— Requirement —
Every record must appear in the response exactly as given.

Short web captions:

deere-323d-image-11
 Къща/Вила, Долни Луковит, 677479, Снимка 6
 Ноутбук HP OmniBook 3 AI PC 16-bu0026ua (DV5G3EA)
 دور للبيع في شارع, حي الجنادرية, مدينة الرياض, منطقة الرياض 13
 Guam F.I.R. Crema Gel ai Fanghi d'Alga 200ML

— Exercise result —
deere-323d-image-11
 Къща/Вила, Долни Луковит, 677479, Снимка 6
 Ноутбук HP OmniBook 3 AI PC 16-bu0026ua (DV5G3EA)
 دور للبيع في شارع, حي الجنادرية, مدينة الرياض, منطقة الرياض 13
 Guam F.I.R. Crema Gel ai Fanghi d'Alga 200ML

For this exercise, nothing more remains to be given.